*About this task*
Below are some records. Return exactly the lines from the one with "Piccola villetta parzialmente isolata" to the one with "111 Markeri Street, Mermaid Waters QLD 4218", and nothing else.
───── Extracted data
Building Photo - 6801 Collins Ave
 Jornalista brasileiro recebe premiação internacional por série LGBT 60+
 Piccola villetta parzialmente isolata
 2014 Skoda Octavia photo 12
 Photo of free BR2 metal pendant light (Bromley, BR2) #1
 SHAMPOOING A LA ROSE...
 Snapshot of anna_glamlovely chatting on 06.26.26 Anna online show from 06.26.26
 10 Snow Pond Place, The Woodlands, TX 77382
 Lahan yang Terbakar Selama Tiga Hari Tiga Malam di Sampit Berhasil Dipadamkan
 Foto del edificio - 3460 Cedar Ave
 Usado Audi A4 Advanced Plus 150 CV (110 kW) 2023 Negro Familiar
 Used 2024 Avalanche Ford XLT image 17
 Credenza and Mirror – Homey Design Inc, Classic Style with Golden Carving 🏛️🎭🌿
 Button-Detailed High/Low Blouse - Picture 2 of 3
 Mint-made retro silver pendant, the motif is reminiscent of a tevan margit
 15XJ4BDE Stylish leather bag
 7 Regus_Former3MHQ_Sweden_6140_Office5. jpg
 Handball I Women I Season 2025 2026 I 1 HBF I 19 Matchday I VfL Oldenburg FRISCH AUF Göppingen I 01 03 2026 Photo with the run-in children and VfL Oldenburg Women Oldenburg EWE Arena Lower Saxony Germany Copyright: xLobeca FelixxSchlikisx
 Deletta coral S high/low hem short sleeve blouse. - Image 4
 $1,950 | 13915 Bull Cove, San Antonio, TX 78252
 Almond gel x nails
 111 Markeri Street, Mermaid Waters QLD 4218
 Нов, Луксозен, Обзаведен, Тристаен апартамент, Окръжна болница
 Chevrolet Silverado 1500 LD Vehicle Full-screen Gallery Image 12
──────────
*Answer for this exercise*
 Piccola villetta parzialmente isolata
 2014 Skoda Octavia photo 12
 Photo of free BR2 metal pendant light (Bromley, BR2) #1
 SHAMPOOING A LA ROSE...
 Snapshot of anna_glamlovely chatting on 06.26.26 Anna online show from 06.26.26
 10 Snow Pond Place, The Woodlands, TX 77382
 Lahan yang Terbakar Selama Tiga Hari Tiga Malam di Sampit Berhasil Dipadamkan
 Foto del edificio - 3460 Cedar Ave
 Usado Audi A4 Advanced Plus 150 CV (110 kW) 2023 Negro Familiar
 Used 2024 Avalanche Ford XLT image 17
 Credenza and Mirror – Homey Design Inc, Classic Style with Golden Carving 🏛️🎭🌿
 Button-Detailed High/Low Blouse - Picture 2 of 3
 Mint-made retro silver pendant, the motif is reminiscent of a tevan margit
 15XJ4BDE Stylish leather bag
 7 Regus_Former3MHQ_Sweden_6140_Office5. jpg
 Handball I Women I Season 2025 2026 I 1 HBF I 19 Matchday I VfL Oldenburg FRISCH AUF Göppingen I 01 03 2026 Photo with the run-in children and VfL Oldenburg Women Oldenburg EWE Arena Lower Saxony Germany Copyright: xLobeca FelixxSchlikisx
 Deletta coral S high/low hem short sleeve blouse. - Image 4
 $1,950 | 13915 Bull Cove, San Antonio, TX 78252
 Almond gel x nails
 111 Markeri Street, Mermaid Waters QLD 4218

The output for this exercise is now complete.